The best known and perhaps most loved song in the English language has to be that six-note, six-word ditty, “Happy Birthday to You”.
It’s been sung everywhere from schoolrooms to palaces. It was Western Union’s first singing telegram in 1933, appeared on Broadway in The Band Wagon in 1931, and the silver screen in As Thousands Cheer. All for “gratis”. But not for long.
The original song was written by Patty Hill, a kindergarten teacher/educator in 1893, as “Good Morning to All”, a greeting for the children in her class. Her sister Mildred Hill, who had started out as a teacher and turned to performing and composing, wrote the music. It then appeared in a songbook for children, and after that, we lose the trail…
Nobody knows at what point, or by who, the lyrics were changed to a birthday greeting. But it appeared as a second stanza to “Good Morning to All” in a 1924 songbook.
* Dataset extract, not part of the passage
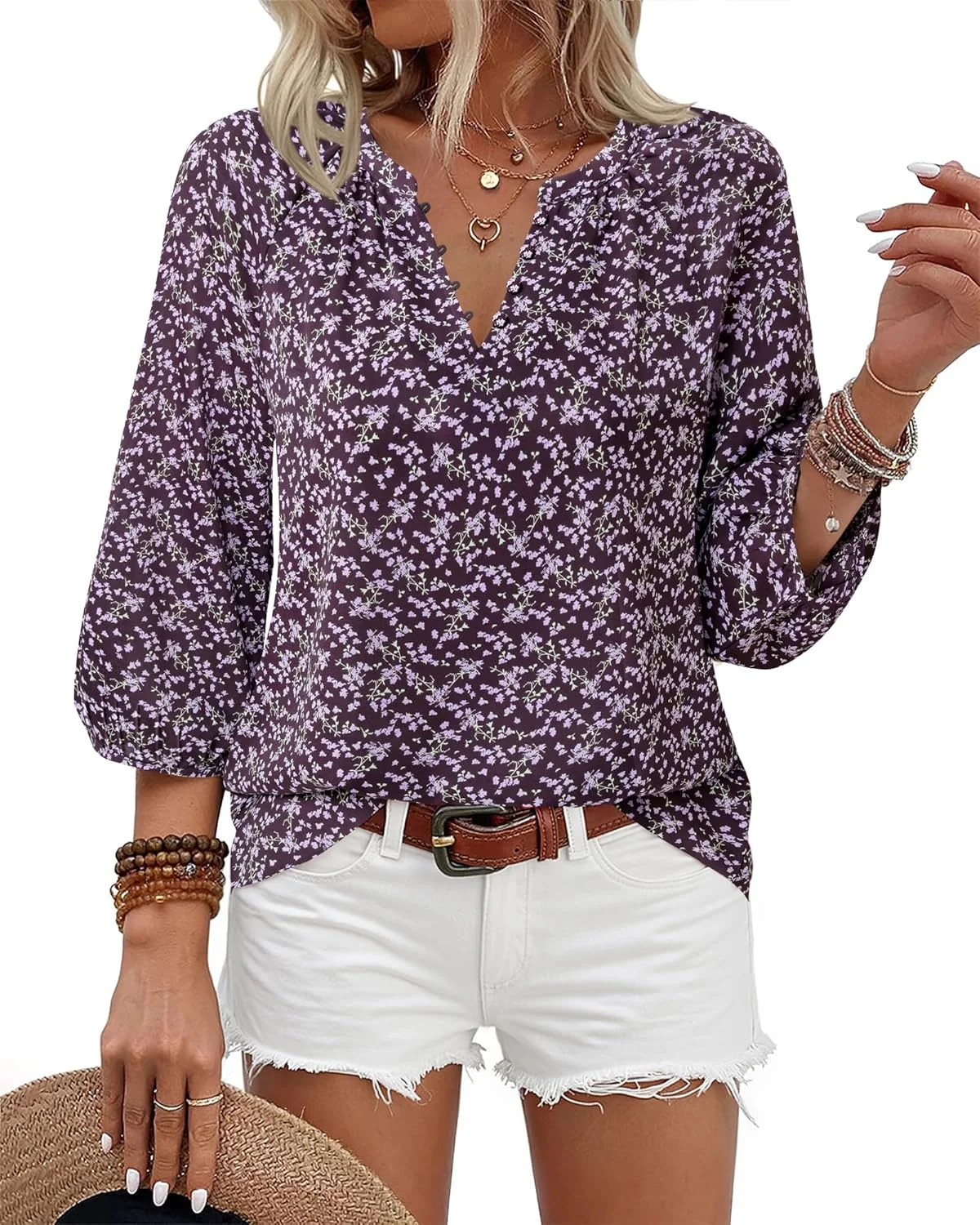 VALOLIA بلوز زنانه آستین سه ربع دکمه دار، پیراهن یقه هفت، لباس کار، بلوزهای شیک و غیر رسمی، تاپ های شیفون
When it began appearing in commercial ventures such as radio and movies, a third sister, Jessica Hill, went to court to secure the copyright on her sisters’ behalf. (Although Mildred had died in 1916.) By demonstrating the obvious similarities between “Good Morning To All” (for which the Hills owned the copyright), Jessica then obtained the rights to “Happy Birthday”.
Today, it’s estimated that Warner Bros. Communications, which now owns the copyright, earns $2 million dollars annually for broadcast and print rights to the song.
The Hill sisters both died unmarried and childless, and it’s believed the profits are split between the Hill Foundation, and a nephew.